ENTRIES SHOWN:
=== Section Start ===

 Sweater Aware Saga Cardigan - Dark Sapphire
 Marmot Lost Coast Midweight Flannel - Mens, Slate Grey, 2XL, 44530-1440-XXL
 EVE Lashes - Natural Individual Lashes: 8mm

=== Section End ===
=== Section Start ===

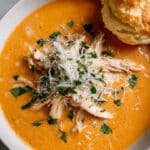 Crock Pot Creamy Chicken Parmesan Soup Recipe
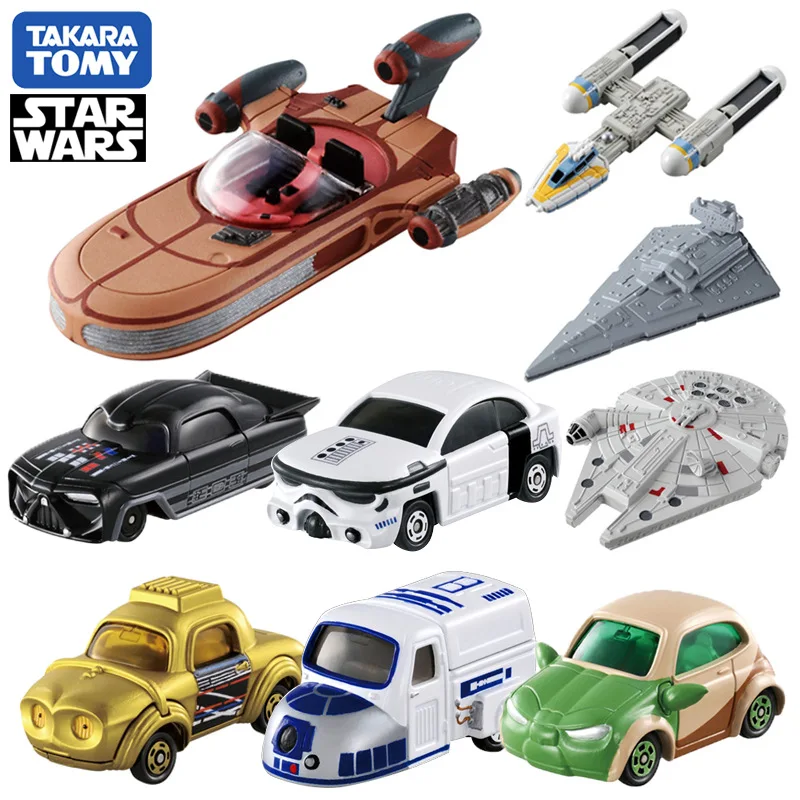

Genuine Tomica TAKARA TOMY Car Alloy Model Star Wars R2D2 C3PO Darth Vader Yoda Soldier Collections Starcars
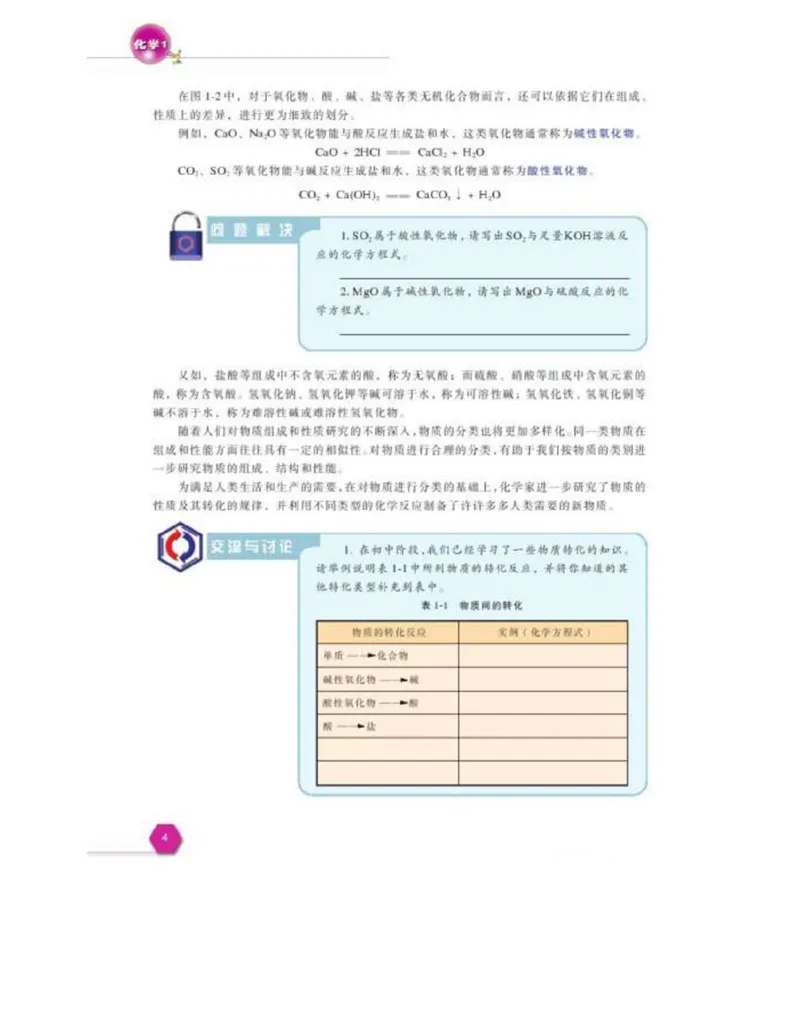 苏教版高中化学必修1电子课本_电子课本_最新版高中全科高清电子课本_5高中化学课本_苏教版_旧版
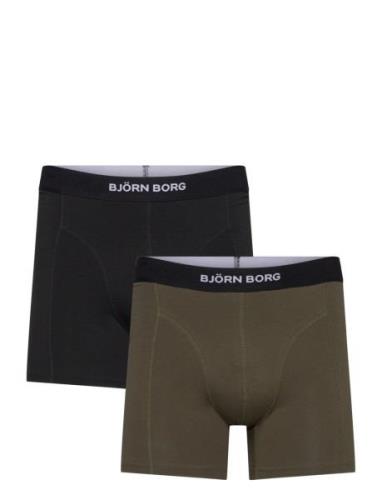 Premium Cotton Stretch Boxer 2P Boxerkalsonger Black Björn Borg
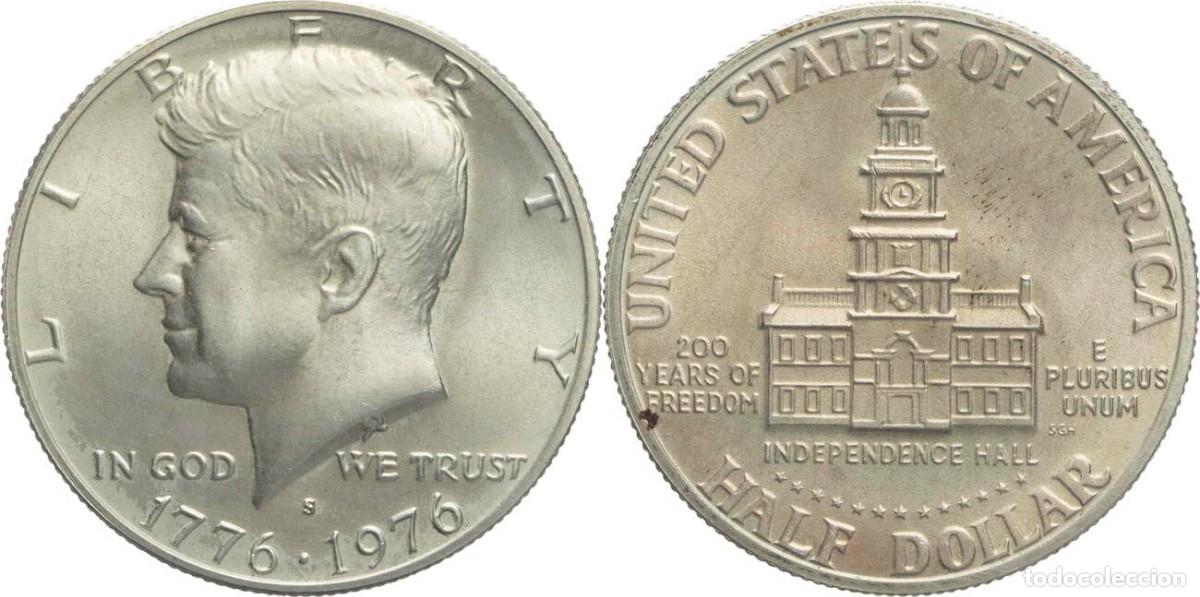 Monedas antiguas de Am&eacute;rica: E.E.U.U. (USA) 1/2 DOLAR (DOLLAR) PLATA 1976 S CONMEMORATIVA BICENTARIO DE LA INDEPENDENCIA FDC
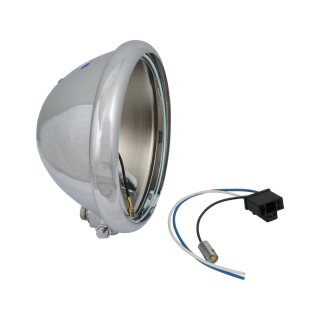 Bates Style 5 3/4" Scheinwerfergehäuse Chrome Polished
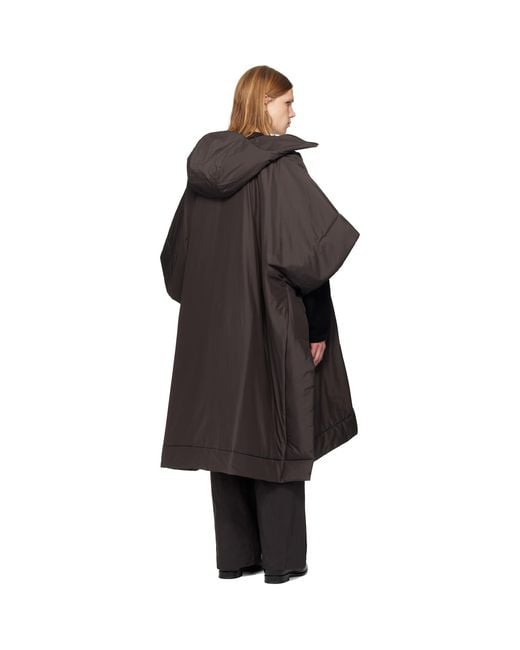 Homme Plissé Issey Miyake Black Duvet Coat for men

=== Section End ===

ACTION ITEM: Return word for word the lines above from the line with "Sweater Aware Saga Cardigan - Dark Sapphire" to the line with "EVE Lashes - Natural Individual Lashes: 8mm", including both and leaving out all others.

RESULT BELOW:
 Sweater Aware Saga Cardigan - Dark Sapphire
 Marmot Lost Coast Midweight Flannel - Mens, Slate Grey, 2XL, 44530-1440-XXL
 EVE Lashes - Natural Individual Lashes: 8mm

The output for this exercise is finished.